GPU Confidential Computing

This page describes how COCOON workers use NVIDIA GPUs for confidential AI inference inside Intel TDX virtual machines. It covers the hardware and VBIOS requirements, GPU passthrough with VFIO, GPU attestation, model validation, multi‑GPU setups, and the overall security and trust model within this scope.

Index

Hardware Requirements
- Supported GPUs
- VBIOS Update
GPU Passthrough (VFIO)
GPU Attestation
Model Validation
Multi-GPU Setup
- Current Approach: Multiple Workers
- Future: Multiple GPUs per Worker
Security Considerations
Further Reading

Hardware Requirements

COCOON workers use GPUs for AI inference inside TDX VMs. This requires:

GPU Passthrough - Gives the TDX guest direct access to GPU hardware (via VFIO)
GPU Attestation - Proves the GPU is in Confidential Computing mode
Model Validation - Verifies that the correct model is loaded

Supported GPUs

Minimum:

NVIDIA H100 or newer
Confidential Computing (CC) support
Updated VBIOS for attestation (requires NVIDIA support)

Tested:

NVIDIA H200 NVL

Note: Consumer GPUs (RTX series) are not supported for production.

VBIOS Update

Required for GPU attestation (proving GPU is in CC mode):

GPU attestation requires a CC-enabled VBIOS. Standard VBIOS versions may not support attestation features.

How to update:
Request a CC-enabled VBIOS from NVIDIA support, provide details and flash it per the instructions.

Important: VBIOS updates are only available through official NVIDIA support channels. This is not optional for production deployment.

GPU Passthrough (VFIO)

Concept

VFIO (Virtual Function I/O) allows TDX guest to access GPU hardware directly:

Guest has direct GPU access (no hypervisor mediation)
Near-native performance
GPU memory isolated from host

Host Setup

Use scripts/setup-gpu-vfio script:

# List GPUs
./scripts/setup-gpu-vfio

# Setup GPU for TDX passthrough
sudo ./scripts/setup-gpu-vfio --setup 0000:01:00.0

# Restore GPU to normal usage
sudo ./scripts/setup-gpu-vfio --restore 0000:01:00.0

The script:

Enables CC mode on GPU (disables pPCIe mode)
Detaches GPU from NVIDIA driver
Binds to vfio-pci driver
Configures udev rules for permissions (?)

Manual setup: The script is essentially a wrapper over NVIDIA GPU admin tools.

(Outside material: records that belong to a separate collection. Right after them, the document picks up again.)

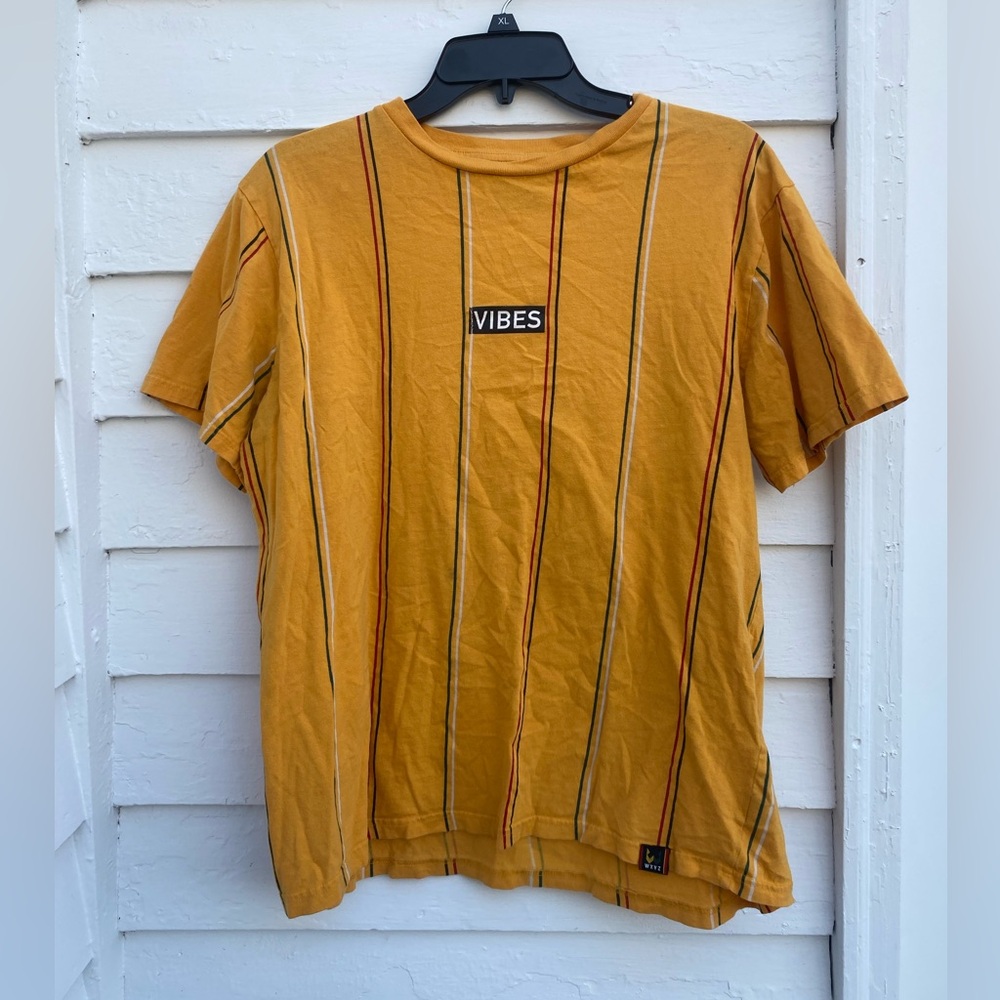 WXYZ Vibes Mustard Striped Short Sleeve Tee Retro Cotton Tshirt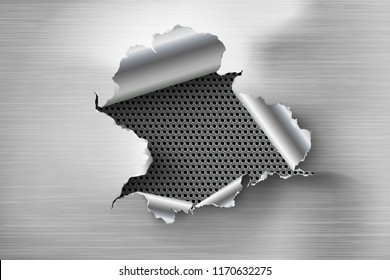 ragged Hole torn in ripped steel on metal background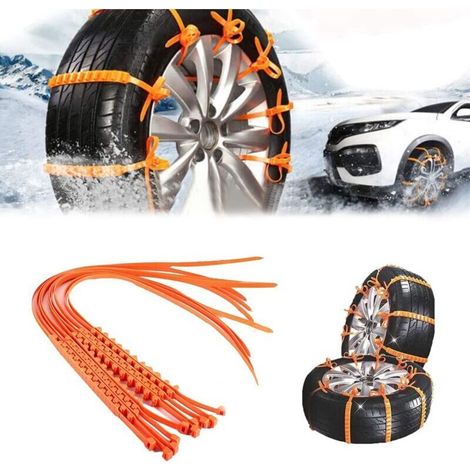 Catene antiscivolo per auto, catene da neve riutilizzabili per auto, catene da neve universali regolabili e portatili per auto, SUV, pickup, camion, catene da neve antiscivolo con fascetta (10 pezzi) (1/4)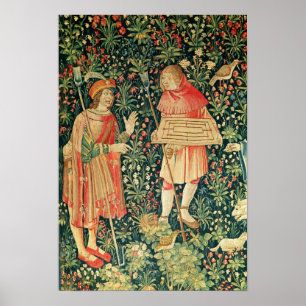 Boerenkast met een jeu de marelle-plank poster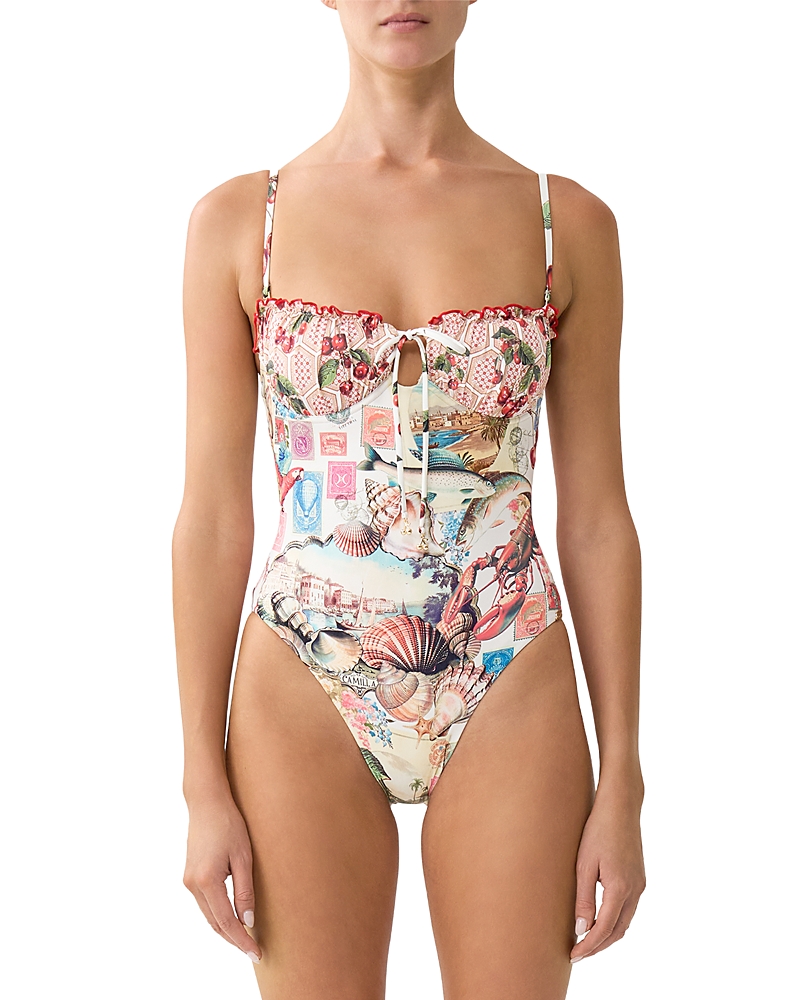 Camilla Ruched Cup Underwire One Piece W Tie Front Notes From The Road In Multi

It may better suit your needs as the script is not tested for different setups.

QEMU Configuration

See scripts/cocoon-launch for full QEMU setup.

GPU passed to guest via: -device vfio-pci,host=<pci-address>

TDX Limitations

Currently only one GPU per guest is supported. This restriction will be lifted in the future.

GPU Attestation

Basics

NVIDIA GPUs with CC support can generate hardware attestations similar to TDX:

GPU has hardware attestation key (burned into GPU)
GPU generates attestation including:
- GPU model and VBIOS version
- CC mode status (on/off)
- Firmware measurements
Attestation signed by NVIDIA's root keys

Verification at Boot

Implementation: reprodebian/gpu_attest/gpu_attest.py

During TDX guest boot (via systemd service nvidia-tdx.service, runs before cocoon-init):

Script calls NVIDIA attestation SDK
Generates GPU evidence with random nonce
Verifies attestation against policy
Checks: CC mode enabled, firmware signatures valid, certificates not revoked

If verification fails → guest boot fails (prevents running without valid GPU).

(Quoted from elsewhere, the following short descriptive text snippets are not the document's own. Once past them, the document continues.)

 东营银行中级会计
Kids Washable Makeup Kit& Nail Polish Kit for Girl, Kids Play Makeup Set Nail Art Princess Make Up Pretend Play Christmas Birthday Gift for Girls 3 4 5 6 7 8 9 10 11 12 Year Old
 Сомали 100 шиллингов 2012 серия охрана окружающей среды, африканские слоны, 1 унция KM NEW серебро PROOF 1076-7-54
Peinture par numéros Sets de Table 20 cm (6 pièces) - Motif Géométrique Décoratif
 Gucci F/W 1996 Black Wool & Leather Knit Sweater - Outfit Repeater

Policy: See reprodebian/gpu_attest/attest_policy.json

Checks include:

GPU architecture matches
Attestation signature verified
Certificate chains valid (not revoked)
VBIOS and driver measurements match
Nonce matches (prevents replay)

Current Limitation

GPU attestation currently requires updated VBIOS. If VBIOS is outdated:

Verification fails
Guest won't start
Contact NVIDIA support for VBIOS update

Integration with COCOON

GPU verification happens at boot, result not currently included in TLS certificate user claims.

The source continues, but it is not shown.